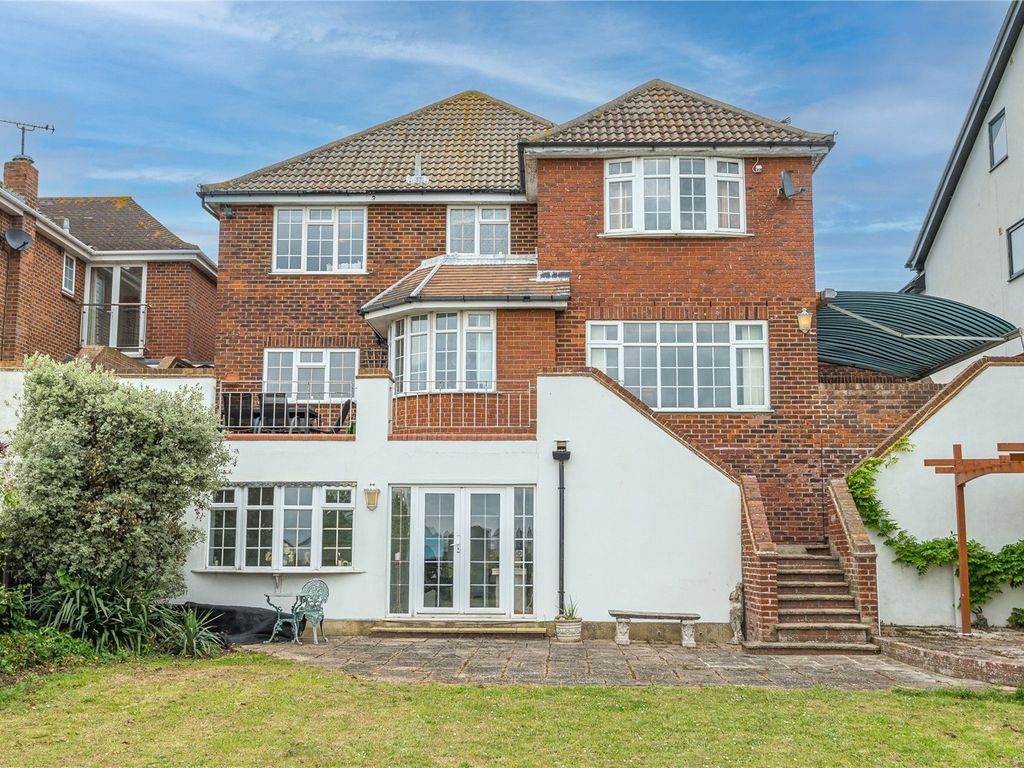 4 bed detached house for sale in Lodwick, Shoeburyness, Essex SS3, £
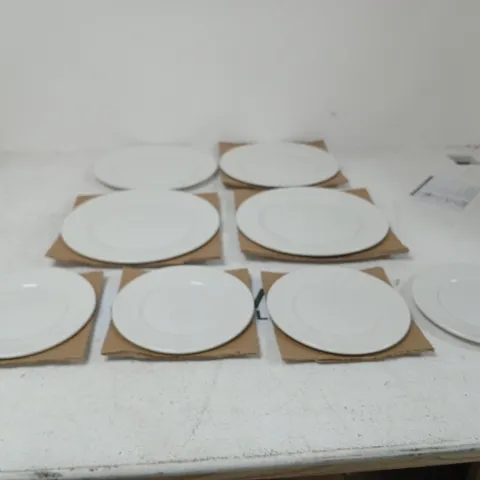 SET OF 8 WHITE CERAMIC DINNER PLATES, 4 SMALL 4 LARGE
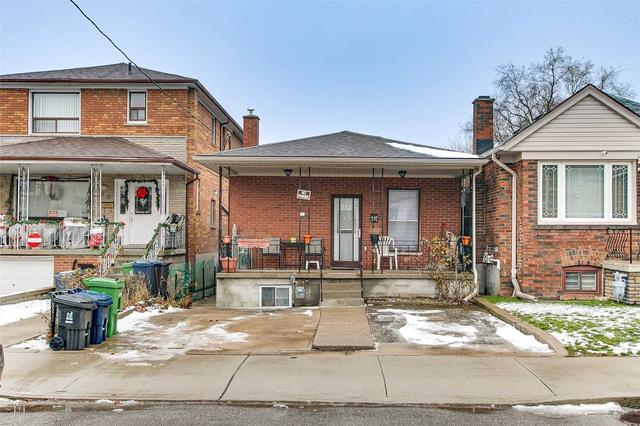 292 Silverthorn Ave, House detached with 3 bedrooms, 2 bathrooms and 1 parking in Toronto ON | Card Image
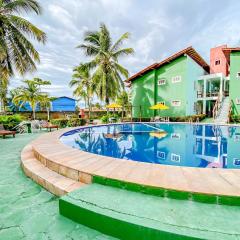 Condomínio Village Taperapuã a uma quadra do Axé Mói, com piscina, churrasqueira, portaria 24hrs, com supermercado e centro gastronômico ao lado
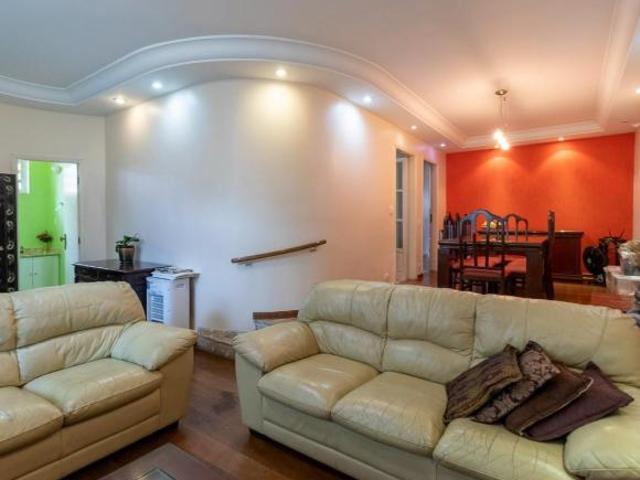 Casa tipo para venda com 3 quartos, 383m²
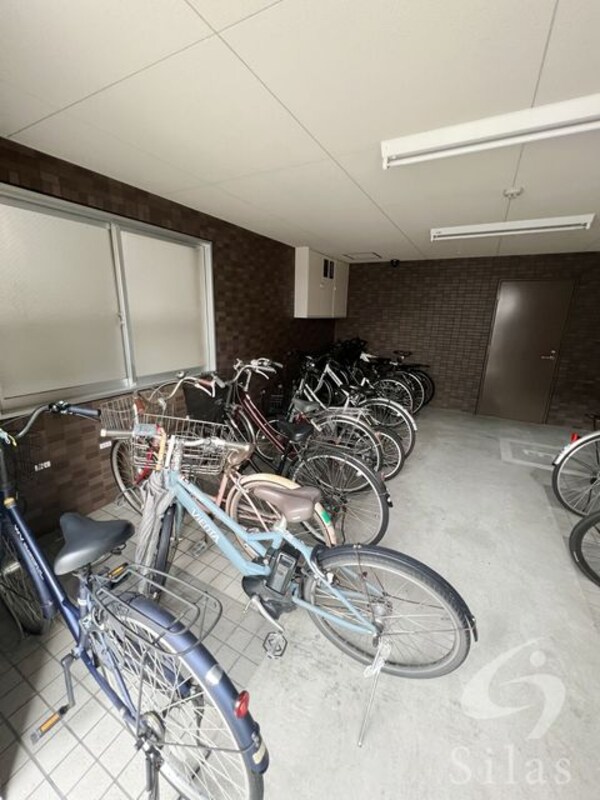 敷地内/建物
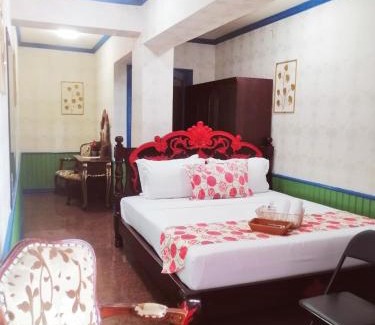 Tagaytay Hotel | Sang Yoo Mountain View Tagaytay Bed and Breakfast - Taal Lake View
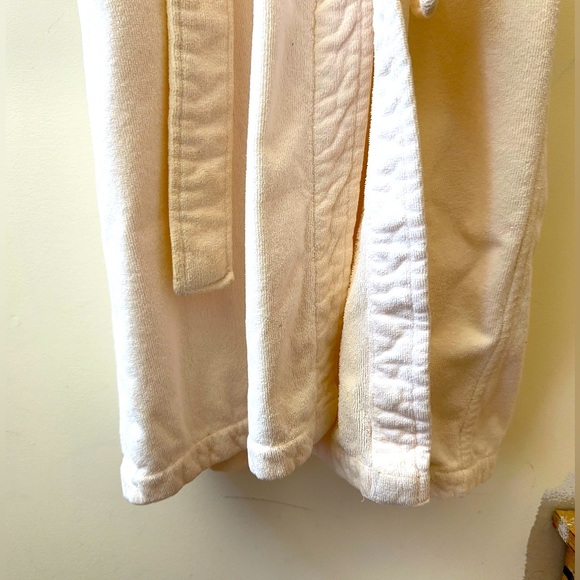 Frette 100%cotton unisex long bathrobe, ivory with pockets. Made in Turkey - Picture 8 of 13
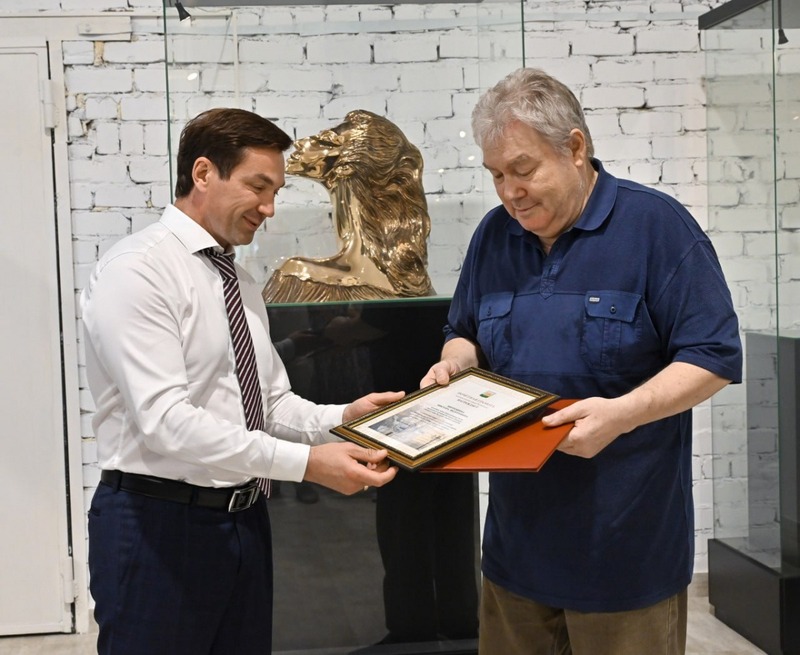 Глава Челябинска поздравил с юбилеем скульптора-автора «Сферы любви»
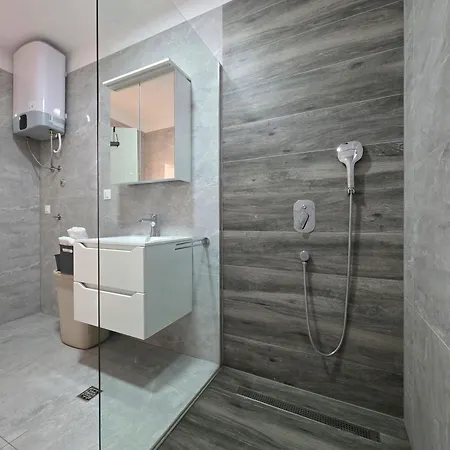 Πανσιόν Adriatic Pearl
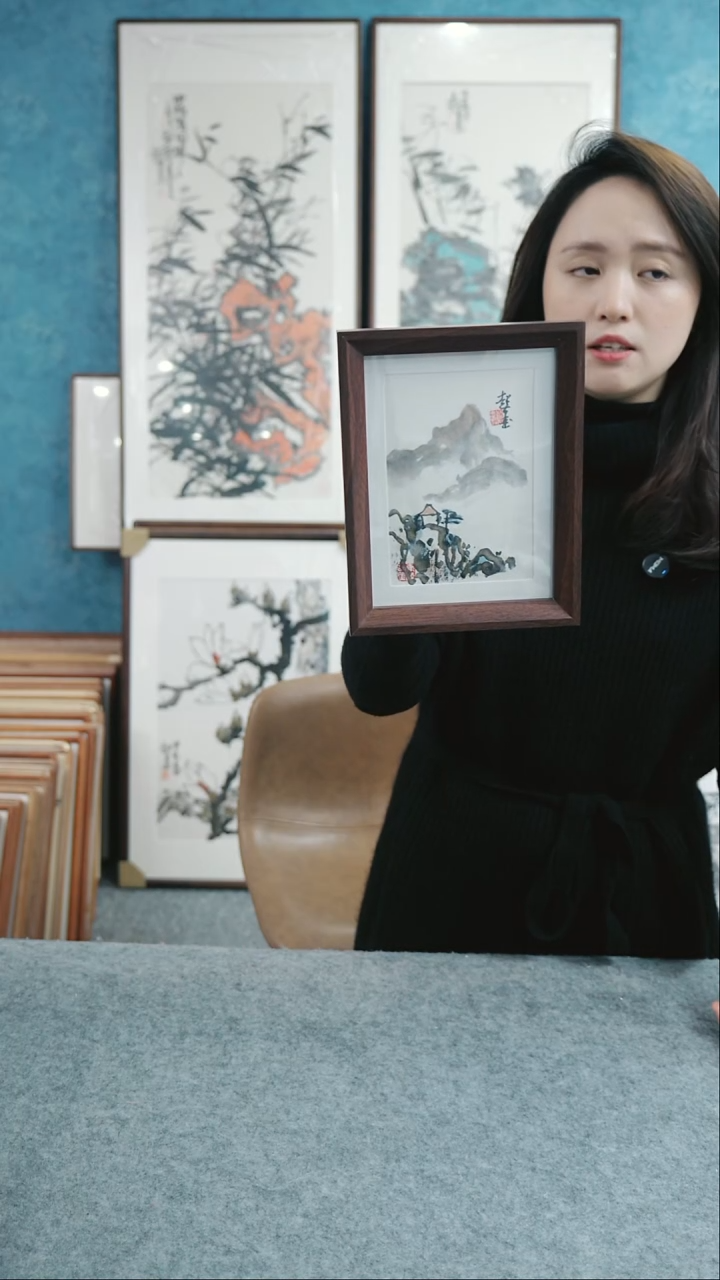 【闪购商品】国画8寸郑志超老师木质摆台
────────────────────
Exercise | Output precisely the lines in the material above from the line containing "Tagaytay Hotel |" through its last line, and omit pictures.

The answer |
 Tagaytay Hotel | Sang Yoo Mountain View Tagaytay Bed and Breakfast - Taal Lake View
 Frette 100%cotton unisex long bathrobe, ivory with pockets. Made in Turkey - Picture 8 of 13
 Глава Челябинска поздравил с юбилеем скульптора-автора «Сферы любви»
 Πανσιόν Adriatic Pearl
 【闪购商品】国画8寸郑志超老师木质摆台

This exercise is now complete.